PROBLEM
Exactly as written, transcribe each line of the listing.
# # # #
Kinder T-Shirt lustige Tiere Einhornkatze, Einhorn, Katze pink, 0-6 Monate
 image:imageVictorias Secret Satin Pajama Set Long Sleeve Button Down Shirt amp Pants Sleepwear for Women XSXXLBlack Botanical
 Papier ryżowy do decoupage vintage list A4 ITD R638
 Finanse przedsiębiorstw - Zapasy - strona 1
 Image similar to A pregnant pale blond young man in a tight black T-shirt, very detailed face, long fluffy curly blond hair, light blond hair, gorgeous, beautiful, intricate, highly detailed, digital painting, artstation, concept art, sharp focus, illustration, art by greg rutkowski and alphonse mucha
# # # #
SOLUTION TO THIS PROBLEM
Kinder T-Shirt lustige Tiere Einhornkatze, Einhorn, Katze pink, 0-6 Monate
 image:imageVictorias Secret Satin Pajama Set Long Sleeve Button Down Shirt amp Pants Sleepwear for Women XSXXLBlack Botanical
 Papier ryżowy do decoupage vintage list A4 ITD R638
 Finanse przedsiębiorstw - Zapasy - strona 1
 Image similar to A pregnant pale blond young man in a tight black T-shirt, very detailed face, long fluffy curly blond hair, light blond hair, gorgeous, beautiful, intricate, highly detailed, digital painting, artstation, concept art, sharp focus, illustration, art by greg rutkowski and alphonse mucha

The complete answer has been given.